Voici un extrait du récit des cérémonies de l’indépendance de la Côte d’Ivoire tel qu’il a été relaté par l’AFP le 7 août 1960.
A minuit, le Premier ministre Houphouët-Boigny, entouré des trois chefs des Etats de l’Entente, et de M. Louis Jacquinot, ministre d’Etat, représentant la République française, a proclamé l’indépendance de la Côte d’Ivoire au cours d’une séance solennelle à l’Assemblée nationale.
Deux « Marseillaise » avaient accueilli tour à tour à leur arrivée le représentant de la France et le chef de l’Etat ivoirien qui avaient pris place à la tribune présidentielle tandis qu’une foule compacte poussait de frénétiques vivats.
« En vertu du droit qu’a tout peuple à disposer de soi-même, je proclame solennellement l’indépendance de la Côte d’Ivoire », a déclaré M. Houphouët-Boigny d’une voix émue.
Pour la première fois, « l’Abidjanaise », l’hymne national ivoirien, exécuté par la musique de la Garde républicaine a retenti tandis qu’une salve de 1O1 coups de canon était tirée et que la foule clamait son enthousiasme.
La nécessité d’une union de l’Afrique
Dans son discours, M. Houphouët-Boigny a souligné à plusieurs reprises la nécessité d’une union de l’Afrique et d’une prochaine « table ronde » déclarant notamment : « Ce que nous devons apporter de plus à ce monde déchiré et inquiet c’est notre amour sincère de la paix et de la justice.
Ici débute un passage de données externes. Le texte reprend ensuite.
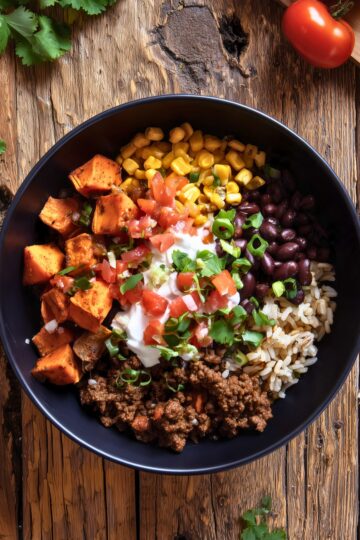 Overhead view of a Beef Burrito Sweet Potato Bowl in a matte black bowl with roasted sweet potato cubes, seasoned ground beef, black beans, rice, corn, diced tomatoes, sour cream, green onions, and cilantro. Served on a rustic wooden table.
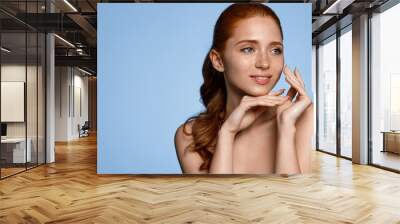 Skin care. Woman with beauty face touching healthy facial skin portrait. Beautiful smiling redhead girl model with natural makeup touching glowing hydrated skin on blue background closeup Wall mural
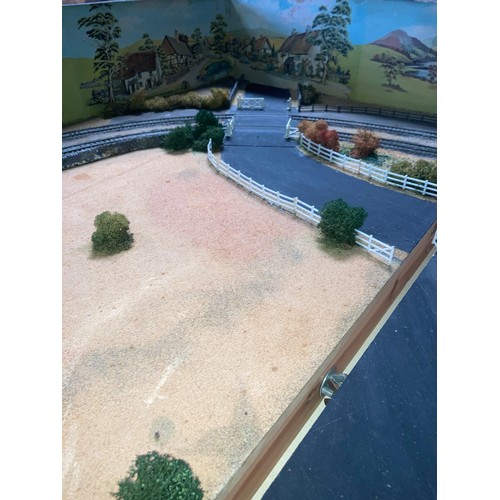 499 - A large custom built electric train track 187 x 125cm with scenery in 3 sections, a boxed Hornby OO ... 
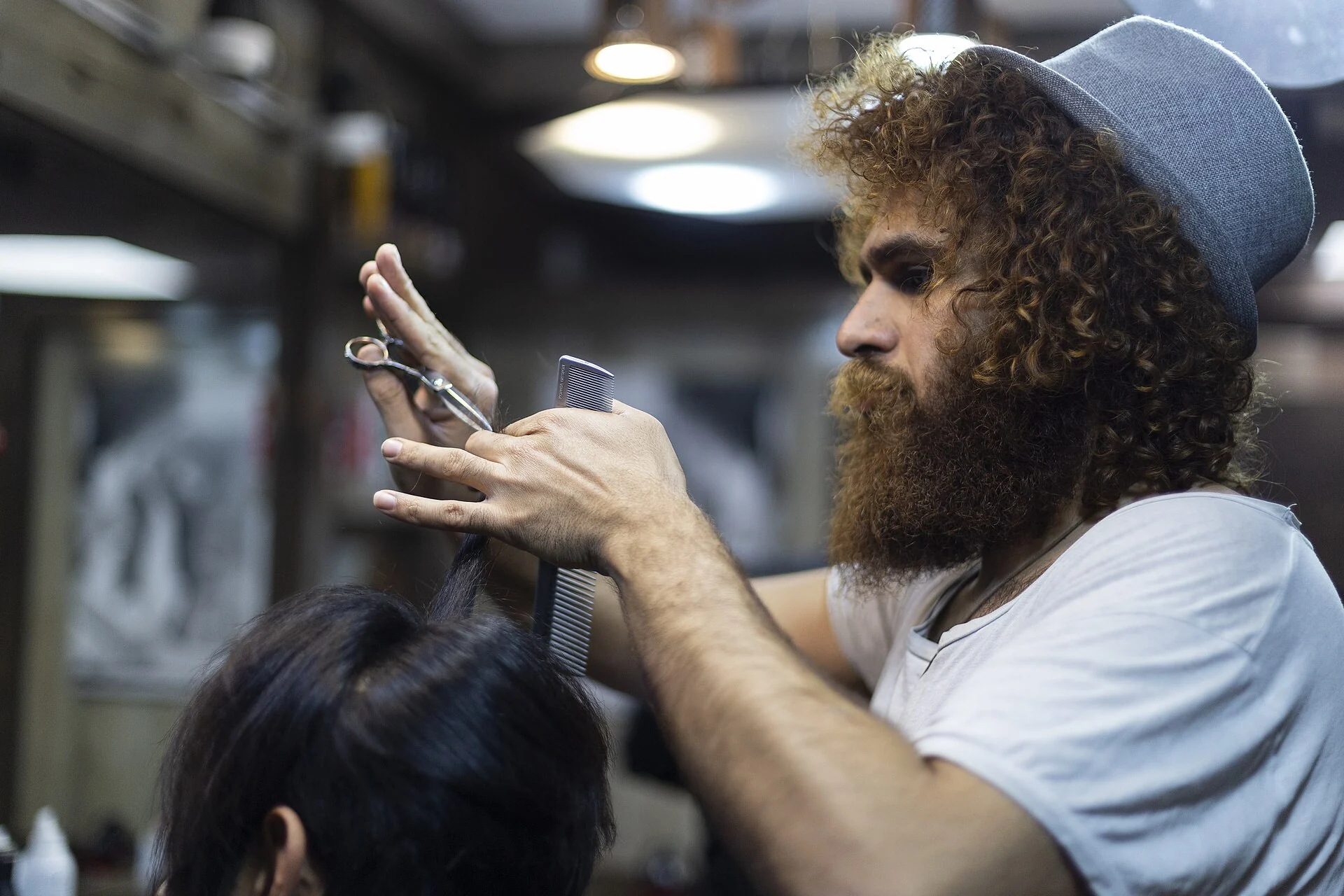 barber trimming and shaping a man beard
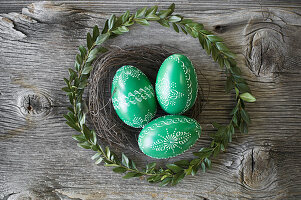 Hand-painted green Easter eggs in wreaths of box and willow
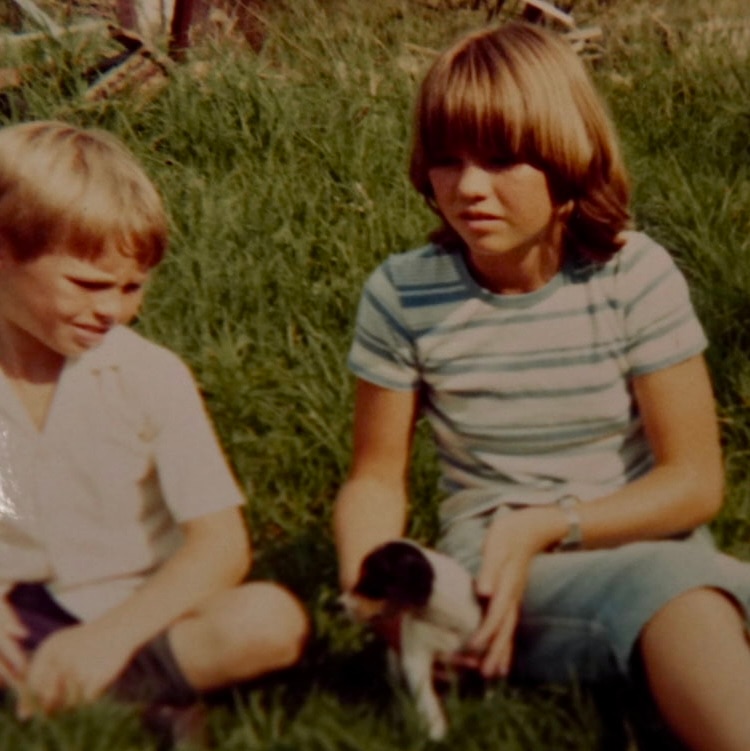 Foto antiga de duas crianças sentadas na grama e segurando um cachorrinho.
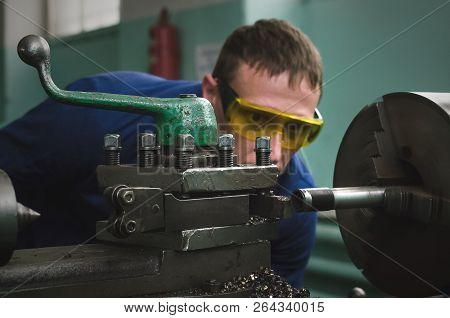 Turner Worker Is Working On A Lathe Machine In A Factory.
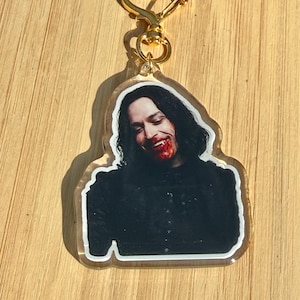 May include: A clear acrylic keychain featuring a smiling person with long dark hair and blood around their mouth. The keychain has a gold-colored heart-shaped clasp.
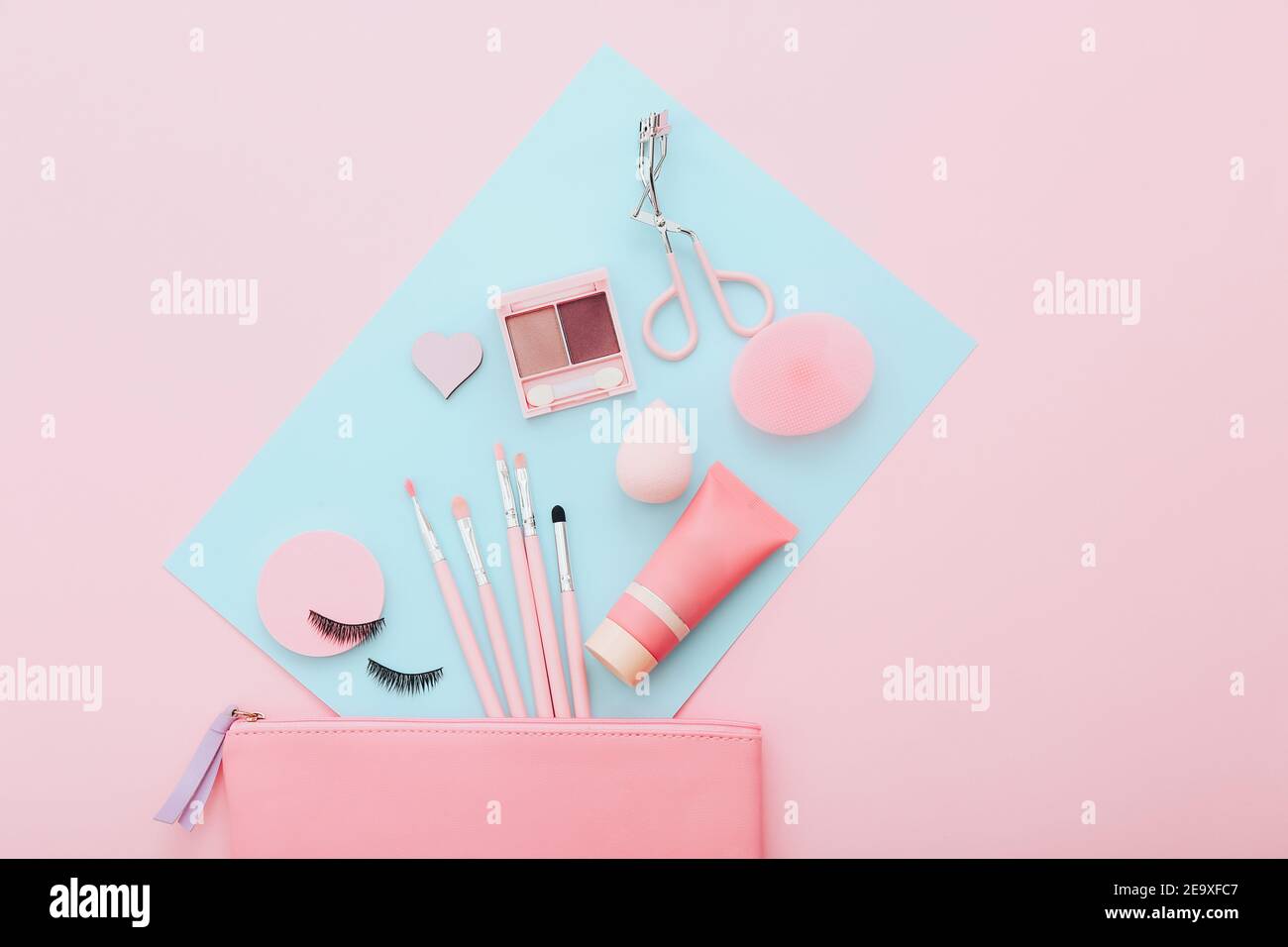 Makeup tools and accessories on blue and pink background. Beauty concept. Flat lay composition, top view Stock Photo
A cette tâche, les Africains d’expression française, tous les Africains se doivent de s’unir et de se concerter afin de soustraire leur pays à un souci de compétition, afin de faire de cette Afrique une terre de réconciliation des peuples. C’est notre vocation ».
Assurant par ailleurs que seule la justice peut soutenir la paix « non pas la paix des braves mais la paix des justes », M. Houphouët-Boigny a ajouté : « C’est parce que nous avons la conviction sincère qu’en réalisant la paix des justes nous assurerons le triomphe final de la fraternité humaine ».
Le chef de l’Etat ivoirien, qui a été acclamé à plusieurs reprises, a rendu un nouvel hommage au général de Gaulle qui « en libérant les peuples africains d’expression française est entré dans l’immortalité » et dont il a lu lui-même à la fin de son discours le « message à la Côte d’Ivoire ».
C’est par dizaines de milliers – sinon centaines – car il était impossible d’évaluer leur foule immense – que les Ivoiriens sont venus assister dimanche matin au défilé qui devait être le clou des fêtes de la proclamation d’indépendance de la Côte d’Ivoire.
A 09H20 GMT, une immense clameur a annoncé l’arrivée du chef de l’Etat, M. Houphouët-Boigny, qui, après avoir salué le drapeau et passé les troupes en revue, a pris place dans la tribune d’honneur où se trouvaient déjà les chefs d’Etat du Conseil, le Premier ministre de Mauritanie M. Moktar Ould Daddah et la délégation française conduite par MM. Jacquinot et Foyer.
Fête folklorique
C’est la musique de la Garde républicaine, vêtue de son nouvel uniforme, qui a ouvert le défilé, suivie d’une compagnie de parachutistes – préfiguration de la future armée ivoirienne. Venaient ensuite 2. 500 anciens combattants en uniforme kaki, les élèves des écoles, les délégations du PDCI-RDA venues de la brousse, les organisations de jeunesse, les chefs coutumiers, entourés de leur garde, brandissant arcs, flèches, sagaies et sabres, les athlètes ivoiriens ainsi que les associations sportives.
Six ou sept mille personnes étaient déjà passées lorsqu’une pluie fine interrompit le défilé vers 11H00 GMT. Le chef de l’Etat follement acclamé, reprit alors la route de sa résidence debout dans sa voiture qui fendait difficilement la foule.
A midi, un déjeuner a été offert par M. Houphouët-Boigny aux invités d’honneur et aux chefs des délégations étrangères. Une fête folklorique s’est déroulée l’après-midi au stade Géo André, enfin le soir une réception réunissant 5. 000 personnes a été donnée à l’Assemblée nationale.
Les cérémonies se sont terminées à 23H00 GMT par un feu d’artifice tiré sur la lagune Cocody. Mais tard dans la nuit la foule a dansé dans les faubourgs d’Abidjan, comme elle l’a fait déjà la veille en scandant joyeusement : « C’est la fête de l’indépendance ».